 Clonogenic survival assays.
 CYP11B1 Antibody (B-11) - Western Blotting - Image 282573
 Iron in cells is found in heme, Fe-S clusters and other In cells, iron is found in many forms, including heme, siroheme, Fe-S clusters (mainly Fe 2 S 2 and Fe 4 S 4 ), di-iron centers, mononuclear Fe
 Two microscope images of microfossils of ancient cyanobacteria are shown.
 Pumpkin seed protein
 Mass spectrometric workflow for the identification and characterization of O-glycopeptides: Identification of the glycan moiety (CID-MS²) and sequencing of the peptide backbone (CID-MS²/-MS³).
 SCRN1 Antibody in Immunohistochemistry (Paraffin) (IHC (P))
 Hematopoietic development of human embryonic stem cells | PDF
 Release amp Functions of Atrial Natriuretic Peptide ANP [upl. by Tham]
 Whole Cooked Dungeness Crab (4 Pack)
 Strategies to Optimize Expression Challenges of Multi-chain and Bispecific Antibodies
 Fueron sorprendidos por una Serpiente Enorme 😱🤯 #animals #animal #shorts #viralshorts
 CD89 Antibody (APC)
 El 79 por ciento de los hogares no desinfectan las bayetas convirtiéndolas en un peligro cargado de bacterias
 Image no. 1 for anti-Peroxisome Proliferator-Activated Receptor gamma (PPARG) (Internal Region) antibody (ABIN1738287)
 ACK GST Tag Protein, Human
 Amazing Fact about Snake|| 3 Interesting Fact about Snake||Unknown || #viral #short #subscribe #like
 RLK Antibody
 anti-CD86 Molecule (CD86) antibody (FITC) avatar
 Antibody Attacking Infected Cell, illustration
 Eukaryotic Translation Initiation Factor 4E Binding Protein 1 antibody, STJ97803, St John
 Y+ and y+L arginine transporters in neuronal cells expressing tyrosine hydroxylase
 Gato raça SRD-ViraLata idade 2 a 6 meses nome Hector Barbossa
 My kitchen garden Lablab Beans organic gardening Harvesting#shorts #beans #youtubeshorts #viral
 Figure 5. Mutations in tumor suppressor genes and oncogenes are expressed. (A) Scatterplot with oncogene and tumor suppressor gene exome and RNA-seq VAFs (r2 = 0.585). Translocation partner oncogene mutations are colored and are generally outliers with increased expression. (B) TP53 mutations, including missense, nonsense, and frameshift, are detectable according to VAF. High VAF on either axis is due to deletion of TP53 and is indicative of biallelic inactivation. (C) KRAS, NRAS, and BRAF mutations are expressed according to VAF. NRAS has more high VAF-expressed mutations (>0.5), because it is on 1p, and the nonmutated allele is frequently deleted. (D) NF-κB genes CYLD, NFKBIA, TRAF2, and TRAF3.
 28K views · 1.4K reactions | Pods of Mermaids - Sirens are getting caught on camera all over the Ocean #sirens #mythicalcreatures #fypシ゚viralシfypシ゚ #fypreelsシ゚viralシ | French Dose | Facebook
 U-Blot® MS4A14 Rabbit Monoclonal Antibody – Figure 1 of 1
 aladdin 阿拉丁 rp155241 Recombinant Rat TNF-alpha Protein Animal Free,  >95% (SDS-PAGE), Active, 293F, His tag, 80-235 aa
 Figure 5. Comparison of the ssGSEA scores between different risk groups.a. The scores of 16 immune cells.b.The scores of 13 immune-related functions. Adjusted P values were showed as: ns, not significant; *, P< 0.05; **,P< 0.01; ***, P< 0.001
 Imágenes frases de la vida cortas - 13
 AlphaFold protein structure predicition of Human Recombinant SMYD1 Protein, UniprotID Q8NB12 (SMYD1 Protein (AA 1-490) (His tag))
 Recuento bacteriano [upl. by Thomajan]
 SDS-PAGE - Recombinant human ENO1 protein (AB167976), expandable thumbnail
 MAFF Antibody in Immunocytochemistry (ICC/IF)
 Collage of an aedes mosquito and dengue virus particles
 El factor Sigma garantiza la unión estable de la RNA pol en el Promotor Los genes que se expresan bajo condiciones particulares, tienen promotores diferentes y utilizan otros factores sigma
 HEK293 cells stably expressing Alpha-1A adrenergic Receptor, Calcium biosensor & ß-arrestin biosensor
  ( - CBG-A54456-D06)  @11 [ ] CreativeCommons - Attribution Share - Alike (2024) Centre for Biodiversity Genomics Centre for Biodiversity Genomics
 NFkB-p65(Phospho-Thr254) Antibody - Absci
__________________________________________________
## EXERCISE GOAL
Word for word, repeat every line of the data.

## OUTPUT OF THE TASK
 Clonogenic survival assays.
 CYP11B1 Antibody (B-11) - Western Blotting - Image 282573
 Iron in cells is found in heme, Fe-S clusters and other In cells, iron is found in many forms, including heme, siroheme, Fe-S clusters (mainly Fe 2 S 2 and Fe 4 S 4 ), di-iron centers, mononuclear Fe
 Two microscope images of microfossils of ancient cyanobacteria are shown.
 Pumpkin seed protein
 Mass spectrometric workflow for the identification and characterization of O-glycopeptides: Identification of the glycan moiety (CID-MS²) and sequencing of the peptide backbone (CID-MS²/-MS³).
 SCRN1 Antibody in Immunohistochemistry (Paraffin) (IHC (P))
 Hematopoietic development of human embryonic stem cells | PDF
 Release amp Functions of Atrial Natriuretic Peptide ANP [upl. by Tham]
 Whole Cooked Dungeness Crab (4 Pack)
 Strategies to Optimize Expression Challenges of Multi-chain and Bispecific Antibodies
 Fueron sorprendidos por una Serpiente Enorme 😱🤯 #animals #animal #shorts #viralshorts
 CD89 Antibody (APC)
 El 79 por ciento de los hogares no desinfectan las bayetas convirtiéndolas en un peligro cargado de bacterias
 Image no. 1 for anti-Peroxisome Proliferator-Activated Receptor gamma (PPARG) (Internal Region) antibody (ABIN1738287)
 ACK GST Tag Protein, Human
 Amazing Fact about Snake|| 3 Interesting Fact about Snake||Unknown || #viral #short #subscribe #like
 RLK Antibody
 anti-CD86 Molecule (CD86) antibody (FITC) avatar
 Antibody Attacking Infected Cell, illustration
 Eukaryotic Translation Initiation Factor 4E Binding Protein 1 antibody, STJ97803, St John
 Y+ and y+L arginine transporters in neuronal cells expressing tyrosine hydroxylase
 Gato raça SRD-ViraLata idade 2 a 6 meses nome Hector Barbossa
 My kitchen garden Lablab Beans organic gardening Harvesting#shorts #beans #youtubeshorts #viral
 Figure 5. Mutations in tumor suppressor genes and oncogenes are expressed. (A) Scatterplot with oncogene and tumor suppressor gene exome and RNA-seq VAFs (r2 = 0.585). Translocation partner oncogene mutations are colored and are generally outliers with increased expression. (B) TP53 mutations, including missense, nonsense, and frameshift, are detectable according to VAF. High VAF on either axis is due to deletion of TP53 and is indicative of biallelic inactivation. (C) KRAS, NRAS, and BRAF mutations are expressed according to VAF. NRAS has more high VAF-expressed mutations (>0.5), because it is on 1p, and the nonmutated allele is frequently deleted. (D) NF-κB genes CYLD, NFKBIA, TRAF2, and TRAF3.
 28K views · 1.4K reactions | Pods of Mermaids - Sirens are getting caught on camera all over the Ocean #sirens #mythicalcreatures #fypシ゚viralシfypシ゚ #fypreelsシ゚viralシ | French Dose | Facebook
 U-Blot® MS4A14 Rabbit Monoclonal Antibody – Figure 1 of 1
 aladdin 阿拉丁 rp155241 Recombinant Rat TNF-alpha Protein Animal Free,  >95% (SDS-PAGE), Active, 293F, His tag, 80-235 aa
 Figure 5. Comparison of the ssGSEA scores between different risk groups.a. The scores of 16 immune cells.b.The scores of 13 immune-related functions. Adjusted P values were showed as: ns, not significant; *, P< 0.05; **,P< 0.01; ***, P< 0.001
 Imágenes frases de la vida cortas - 13
 AlphaFold protein structure predicition of Human Recombinant SMYD1 Protein, UniprotID Q8NB12 (SMYD1 Protein (AA 1-490) (His tag))
 Recuento bacteriano [upl. by Thomajan]
 SDS-PAGE - Recombinant human ENO1 protein (AB167976), expandable thumbnail
 MAFF Antibody in Immunocytochemistry (ICC/IF)
 Collage of an aedes mosquito and dengue virus particles
 El factor Sigma garantiza la unión estable de la RNA pol en el Promotor Los genes que se expresan bajo condiciones particulares, tienen promotores diferentes y utilizan otros factores sigma
 HEK293 cells stably expressing Alpha-1A adrenergic Receptor, Calcium biosensor & ß-arrestin biosensor
  ( - CBG-A54456-D06)  @11 [ ] CreativeCommons - Attribution Share - Alike (2024) Centre for Biodiversity Genomics Centre for Biodiversity Genomics
 NFkB-p65(Phospho-Thr254) Antibody - Absci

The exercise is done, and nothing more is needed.